=== Task details ===
Could you reproduce, exactly as written, every line from the one containing "2025 Mazda CX-5" through the last line of the records, and nothing else?

(Short web captions)
====================

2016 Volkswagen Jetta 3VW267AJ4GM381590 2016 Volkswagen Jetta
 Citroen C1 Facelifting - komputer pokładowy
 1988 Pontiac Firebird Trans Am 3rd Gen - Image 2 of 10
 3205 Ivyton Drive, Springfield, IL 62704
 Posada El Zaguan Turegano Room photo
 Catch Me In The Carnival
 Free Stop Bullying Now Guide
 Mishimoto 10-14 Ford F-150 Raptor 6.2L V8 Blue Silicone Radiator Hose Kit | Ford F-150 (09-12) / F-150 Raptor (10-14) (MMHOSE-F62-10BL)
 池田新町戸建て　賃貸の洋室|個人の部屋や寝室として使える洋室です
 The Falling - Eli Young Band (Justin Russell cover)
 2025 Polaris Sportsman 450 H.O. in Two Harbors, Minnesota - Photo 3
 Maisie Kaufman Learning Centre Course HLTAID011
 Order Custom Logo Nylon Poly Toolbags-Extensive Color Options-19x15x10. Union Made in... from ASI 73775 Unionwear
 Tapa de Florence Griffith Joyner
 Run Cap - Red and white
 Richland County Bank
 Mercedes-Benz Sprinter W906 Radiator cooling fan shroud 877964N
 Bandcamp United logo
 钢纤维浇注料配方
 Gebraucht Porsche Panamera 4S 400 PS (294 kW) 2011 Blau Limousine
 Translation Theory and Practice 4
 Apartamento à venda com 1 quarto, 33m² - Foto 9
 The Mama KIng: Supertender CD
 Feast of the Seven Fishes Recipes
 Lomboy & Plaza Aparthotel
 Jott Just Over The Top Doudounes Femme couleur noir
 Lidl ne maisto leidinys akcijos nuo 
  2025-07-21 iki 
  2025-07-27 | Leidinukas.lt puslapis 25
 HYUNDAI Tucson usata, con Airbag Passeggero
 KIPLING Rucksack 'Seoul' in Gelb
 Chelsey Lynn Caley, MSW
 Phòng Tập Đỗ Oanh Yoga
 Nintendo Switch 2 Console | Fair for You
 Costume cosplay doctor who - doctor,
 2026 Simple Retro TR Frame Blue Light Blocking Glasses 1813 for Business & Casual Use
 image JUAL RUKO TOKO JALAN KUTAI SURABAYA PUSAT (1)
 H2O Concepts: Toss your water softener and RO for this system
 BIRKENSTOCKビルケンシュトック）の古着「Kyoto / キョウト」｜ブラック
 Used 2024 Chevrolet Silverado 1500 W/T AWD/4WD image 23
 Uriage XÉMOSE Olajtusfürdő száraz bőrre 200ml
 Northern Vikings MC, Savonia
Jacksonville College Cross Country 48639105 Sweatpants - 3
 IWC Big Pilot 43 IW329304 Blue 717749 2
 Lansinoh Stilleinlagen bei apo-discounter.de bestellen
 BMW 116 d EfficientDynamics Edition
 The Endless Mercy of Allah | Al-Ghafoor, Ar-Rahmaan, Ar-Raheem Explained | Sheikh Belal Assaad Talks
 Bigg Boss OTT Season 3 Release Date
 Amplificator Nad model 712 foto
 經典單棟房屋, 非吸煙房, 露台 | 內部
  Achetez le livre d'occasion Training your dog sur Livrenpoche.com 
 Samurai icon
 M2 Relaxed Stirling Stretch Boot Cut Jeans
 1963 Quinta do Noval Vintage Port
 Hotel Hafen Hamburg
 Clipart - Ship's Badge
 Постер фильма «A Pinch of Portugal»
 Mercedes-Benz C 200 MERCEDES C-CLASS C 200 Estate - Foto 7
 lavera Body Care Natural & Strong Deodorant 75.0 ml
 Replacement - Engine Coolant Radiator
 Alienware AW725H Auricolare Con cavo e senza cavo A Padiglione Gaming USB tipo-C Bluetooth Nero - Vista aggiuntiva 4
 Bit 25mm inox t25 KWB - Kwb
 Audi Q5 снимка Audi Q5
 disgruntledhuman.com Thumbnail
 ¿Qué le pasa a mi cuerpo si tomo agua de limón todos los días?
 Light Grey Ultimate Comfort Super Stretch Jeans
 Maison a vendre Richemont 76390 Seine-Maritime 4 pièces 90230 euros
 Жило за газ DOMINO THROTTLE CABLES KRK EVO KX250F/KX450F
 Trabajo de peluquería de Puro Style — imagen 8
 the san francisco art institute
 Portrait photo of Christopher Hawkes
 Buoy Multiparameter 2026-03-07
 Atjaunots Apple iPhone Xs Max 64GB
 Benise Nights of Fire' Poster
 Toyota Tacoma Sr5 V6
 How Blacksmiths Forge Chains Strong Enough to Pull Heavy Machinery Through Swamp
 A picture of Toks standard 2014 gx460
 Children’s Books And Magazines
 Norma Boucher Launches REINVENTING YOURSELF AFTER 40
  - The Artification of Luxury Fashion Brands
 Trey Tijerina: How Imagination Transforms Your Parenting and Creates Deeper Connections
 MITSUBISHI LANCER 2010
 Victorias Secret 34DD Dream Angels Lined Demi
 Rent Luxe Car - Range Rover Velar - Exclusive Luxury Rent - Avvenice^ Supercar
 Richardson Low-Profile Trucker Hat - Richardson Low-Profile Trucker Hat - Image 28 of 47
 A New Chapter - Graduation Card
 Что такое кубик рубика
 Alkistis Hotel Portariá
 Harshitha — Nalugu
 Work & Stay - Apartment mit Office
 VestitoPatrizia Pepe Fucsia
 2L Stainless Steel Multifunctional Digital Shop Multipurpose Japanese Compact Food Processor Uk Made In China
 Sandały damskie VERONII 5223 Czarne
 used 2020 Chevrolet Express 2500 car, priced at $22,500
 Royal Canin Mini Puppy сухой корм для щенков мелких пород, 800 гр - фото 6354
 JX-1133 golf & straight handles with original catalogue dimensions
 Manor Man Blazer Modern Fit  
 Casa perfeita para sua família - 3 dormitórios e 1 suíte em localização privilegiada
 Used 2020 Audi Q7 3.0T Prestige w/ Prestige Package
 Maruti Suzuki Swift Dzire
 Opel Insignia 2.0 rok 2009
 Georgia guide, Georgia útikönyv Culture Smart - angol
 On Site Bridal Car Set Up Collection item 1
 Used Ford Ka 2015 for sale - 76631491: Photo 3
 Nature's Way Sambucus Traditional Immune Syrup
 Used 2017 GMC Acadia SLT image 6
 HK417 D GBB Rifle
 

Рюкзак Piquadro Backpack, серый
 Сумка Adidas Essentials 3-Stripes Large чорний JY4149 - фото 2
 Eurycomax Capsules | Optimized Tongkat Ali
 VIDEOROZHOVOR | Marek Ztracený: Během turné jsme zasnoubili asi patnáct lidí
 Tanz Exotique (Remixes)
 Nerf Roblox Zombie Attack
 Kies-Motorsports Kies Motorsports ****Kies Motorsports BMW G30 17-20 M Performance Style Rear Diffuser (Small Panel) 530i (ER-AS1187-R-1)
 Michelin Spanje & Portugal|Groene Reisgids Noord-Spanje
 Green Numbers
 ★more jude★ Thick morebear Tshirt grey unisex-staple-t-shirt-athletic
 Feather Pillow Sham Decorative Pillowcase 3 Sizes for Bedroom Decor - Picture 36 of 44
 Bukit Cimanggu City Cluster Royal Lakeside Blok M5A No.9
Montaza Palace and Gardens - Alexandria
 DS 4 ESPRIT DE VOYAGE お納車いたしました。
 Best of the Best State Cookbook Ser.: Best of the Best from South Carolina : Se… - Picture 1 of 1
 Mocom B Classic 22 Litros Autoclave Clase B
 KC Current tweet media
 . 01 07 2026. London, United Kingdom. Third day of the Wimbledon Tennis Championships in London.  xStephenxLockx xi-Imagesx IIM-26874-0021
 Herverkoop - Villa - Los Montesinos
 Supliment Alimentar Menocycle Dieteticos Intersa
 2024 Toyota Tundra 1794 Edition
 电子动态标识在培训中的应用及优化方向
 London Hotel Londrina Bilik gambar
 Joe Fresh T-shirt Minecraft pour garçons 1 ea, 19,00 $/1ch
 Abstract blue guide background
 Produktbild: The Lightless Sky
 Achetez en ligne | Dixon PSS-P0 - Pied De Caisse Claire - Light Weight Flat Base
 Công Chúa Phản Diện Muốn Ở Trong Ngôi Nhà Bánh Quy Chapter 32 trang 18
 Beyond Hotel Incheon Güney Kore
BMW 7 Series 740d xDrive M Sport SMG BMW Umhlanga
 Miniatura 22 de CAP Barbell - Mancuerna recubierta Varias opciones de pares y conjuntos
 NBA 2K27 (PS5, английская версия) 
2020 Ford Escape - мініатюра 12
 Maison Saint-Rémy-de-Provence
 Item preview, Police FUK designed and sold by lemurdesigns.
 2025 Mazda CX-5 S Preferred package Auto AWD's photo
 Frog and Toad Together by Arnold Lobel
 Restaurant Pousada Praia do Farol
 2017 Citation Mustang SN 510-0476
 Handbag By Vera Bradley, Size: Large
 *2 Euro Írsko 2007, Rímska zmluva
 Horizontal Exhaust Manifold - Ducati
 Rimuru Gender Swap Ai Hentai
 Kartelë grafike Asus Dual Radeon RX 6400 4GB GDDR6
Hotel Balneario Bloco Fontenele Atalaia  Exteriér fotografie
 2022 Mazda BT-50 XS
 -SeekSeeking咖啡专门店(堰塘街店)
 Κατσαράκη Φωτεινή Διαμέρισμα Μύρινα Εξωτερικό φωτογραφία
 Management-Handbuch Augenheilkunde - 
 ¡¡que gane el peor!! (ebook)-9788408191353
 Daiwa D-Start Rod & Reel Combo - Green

====================

=== Reply to the exercise ===
 2025 Mazda CX-5 S Preferred package Auto AWD's photo
 Frog and Toad Together by Arnold Lobel
 Restaurant Pousada Praia do Farol
 2017 Citation Mustang SN 510-0476
 Handbag By Vera Bradley, Size: Large
 *2 Euro Írsko 2007, Rímska zmluva
 Horizontal Exhaust Manifold - Ducati
 Rimuru Gender Swap Ai Hentai
 Kartelë grafike Asus Dual Radeon RX 6400 4GB GDDR6
Hotel Balneario Bloco Fontenele Atalaia  Exteriér fotografie
 2022 Mazda BT-50 XS
 -SeekSeeking咖啡专门店(堰塘街店)
 Κατσαράκη Φωτεινή Διαμέρισμα Μύρινα Εξωτερικό φωτογραφία
 Management-Handbuch Augenheilkunde - 
 ¡¡que gane el peor!! (ebook)-9788408191353
 Daiwa D-Start Rod & Reel Combo - Green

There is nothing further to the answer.